FARMINGDALE, N.Y., Jan. 23, 2017 /PRNewswire/ -- Cemtrex, Inc. (NasdaqCM: CETX) today announced the conclusion of its subscription rights offering which expired on January 20, 2017, and the commencement of its offering of the unsubscribed units in the rights offering to the public.
The Company sold 1,356,187 units in the rights offering raising total gross proceeds of $13,561,870 before payment of the dealer-manager fee and other offering expenses.
In the continuing offering of up to 143,813 unsubscribed units, the Company is offering to sell these units, which were first offered to existing shareholders but were not subscribed for in the rights offering, to both current subscribers as well as all other public investors who have yet to subscribe. Each unit consists of one share of the Company's series 1 preferred stock, paying cumulative dividends at the rate of 10% of the purchase price per year, and two series 1 warrants, each to purchase one share of the Company's common stock at $6.31 per share for a period of five years after the issuance date. The purchase price for the units in the public offering remains at $10.00 per unit. The public offering will terminate at 5:00 p.m., Eastern time, on Tuesday, January 31, 2017, unless extended by the Company. Source Capital Group, Inc., the dealer-manager for the rights offering, as well as broker-dealers who are members of the selling group, have agreed to use their commercially reasonable efforts to place the units in this offering to the public. Current shareholders who did not previously subscribe for units in the rights offering may participate in the public offering by contacting the Company, Source Capital Group or their investment advisor.

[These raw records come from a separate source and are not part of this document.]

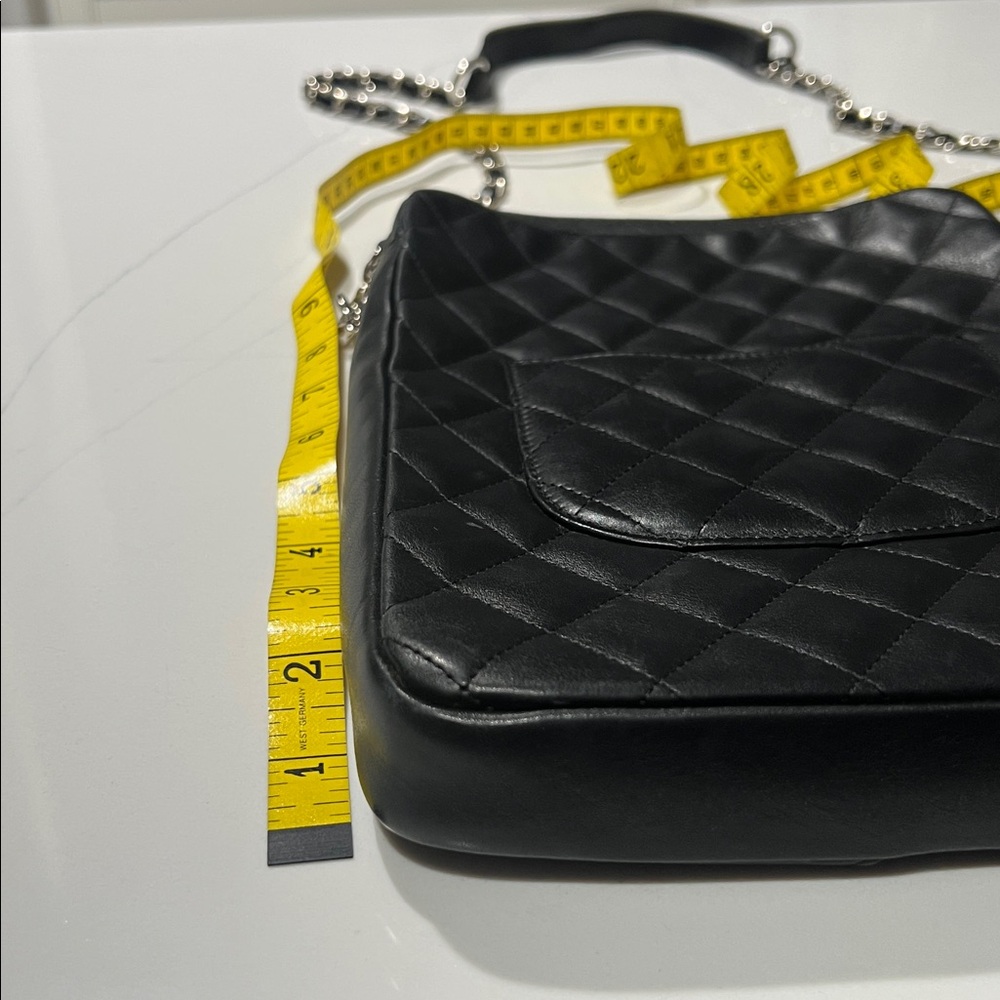 Chanel 100% authentic Cambon Quilted Bag with a non branded Strap,like new. - Picture 5 of 9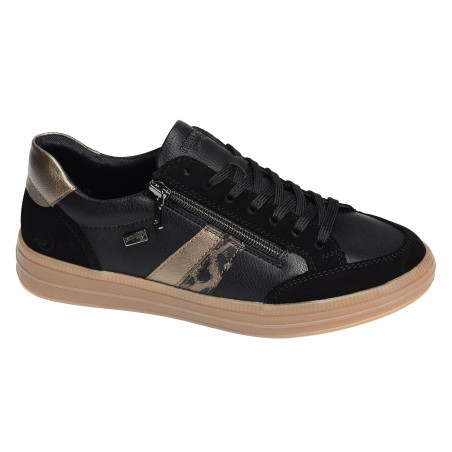 D2C04 Noir, Sneakers basses Remonte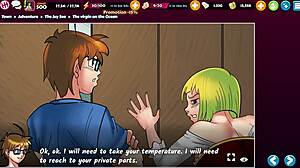 hentaiheroes - la aventura del mar juy 5 se desarrolla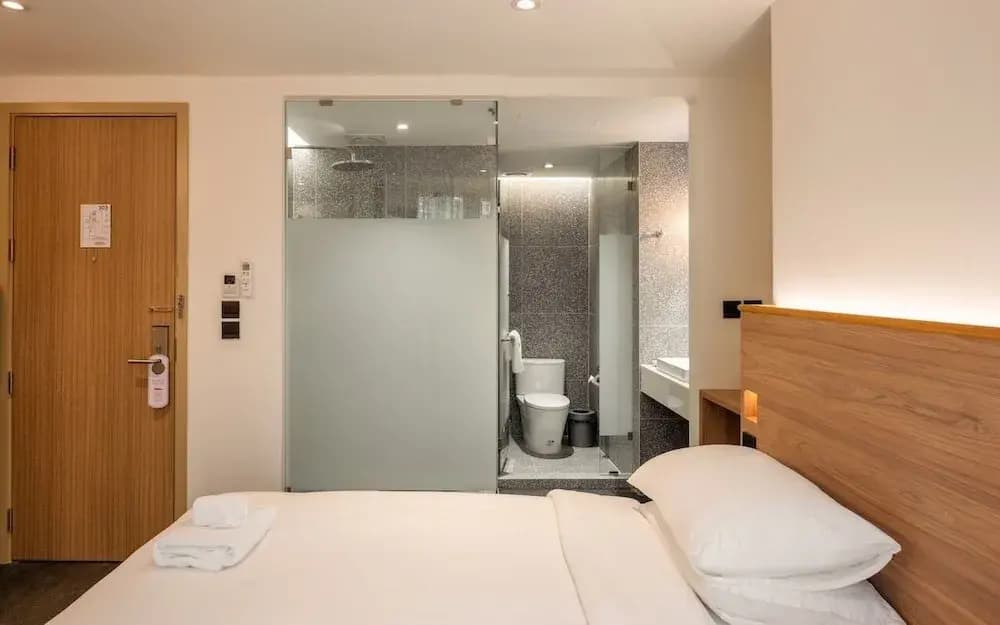 Zen Master Hotel - photo 18
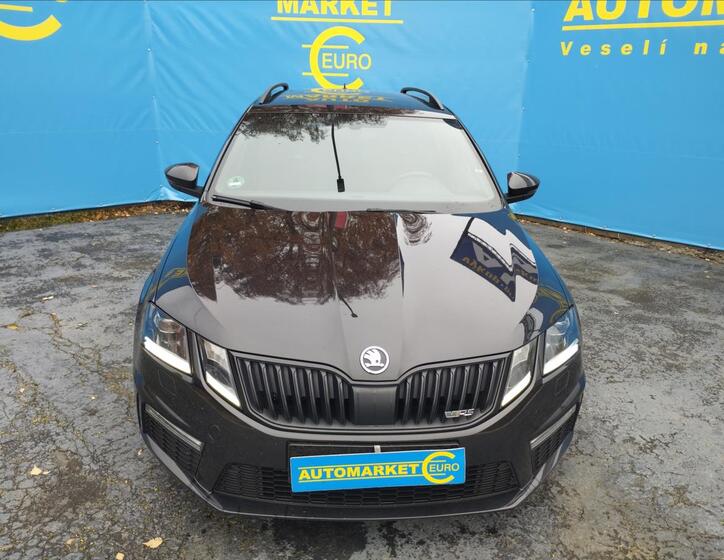 Škoda Octavia 2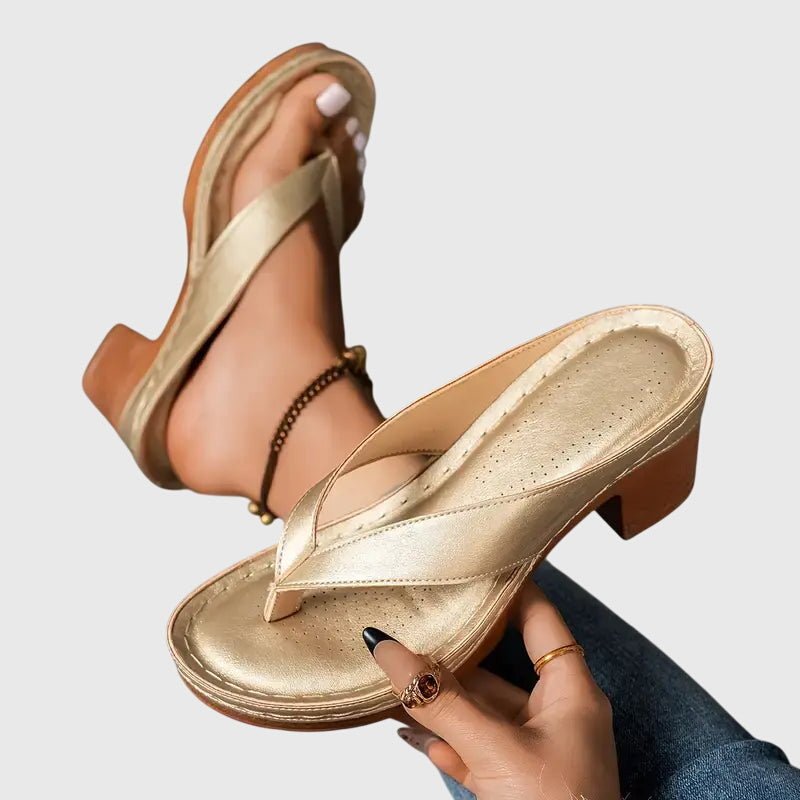 Nextpair | Ida – Ortopædiske sandaler med premium pasform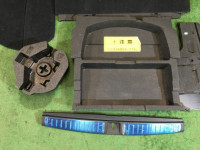 แผงบุห้องเก็บของท้าย SUBARU LEGACY OEM 95066AG010JC, 95067AG022JC, 95067AG032JC, 95065AG100JC, 95073AG010JC BP5 BP9 BPE 2007 black 32J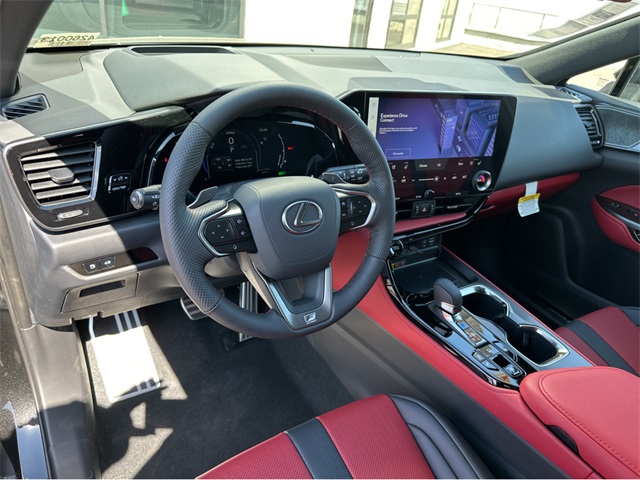 2026 Lexus NX 350h F SPORT Handling AWD photo 36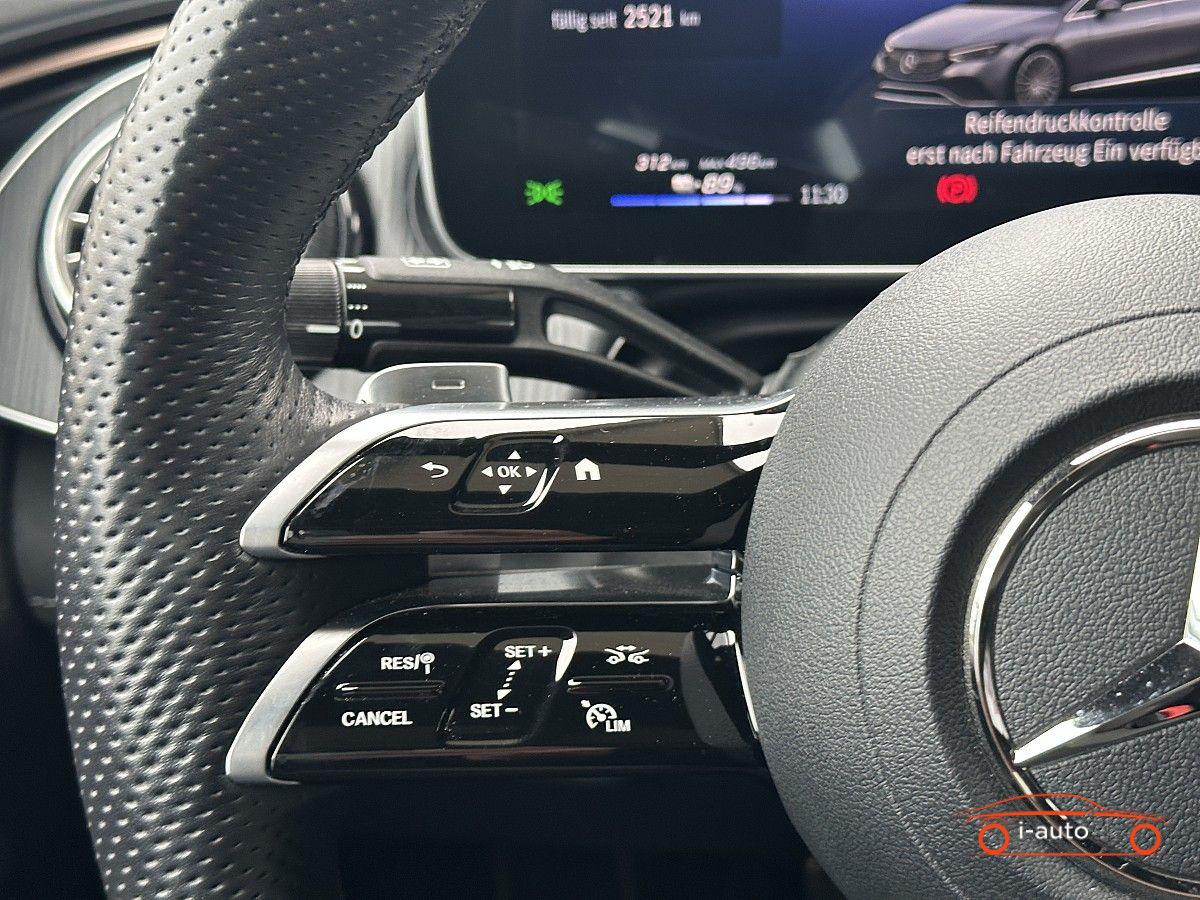 Mercedes-Benz EQE 350 89kWh AMG-Line za 49050€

The Company has applied to have its series 1 preferred stock traded on the Nasdaq Capital Market, however no assurance can be given that the series 1 preferred stock or the series 1 warrants will be traded on any exchange or market. The Company will announce the trading symbol of the securities if and when available.
The offering will be made pursuant to the Company's effective registration statement on Form S-1 (Reg. No. 333-213369) on file with the U.S. Securities and Exchange Commission (the "SEC"). This press release is not an offer to sell these securities and is not soliciting an offer to buy these securities. The offering can be made only by a final prospectus. Investors should consider investment objectives, risks, charges, and expenses carefully before investing. The prospectus included in the registration statement contains this and additional information about the Company and investors should carefully read the prospectus before investing.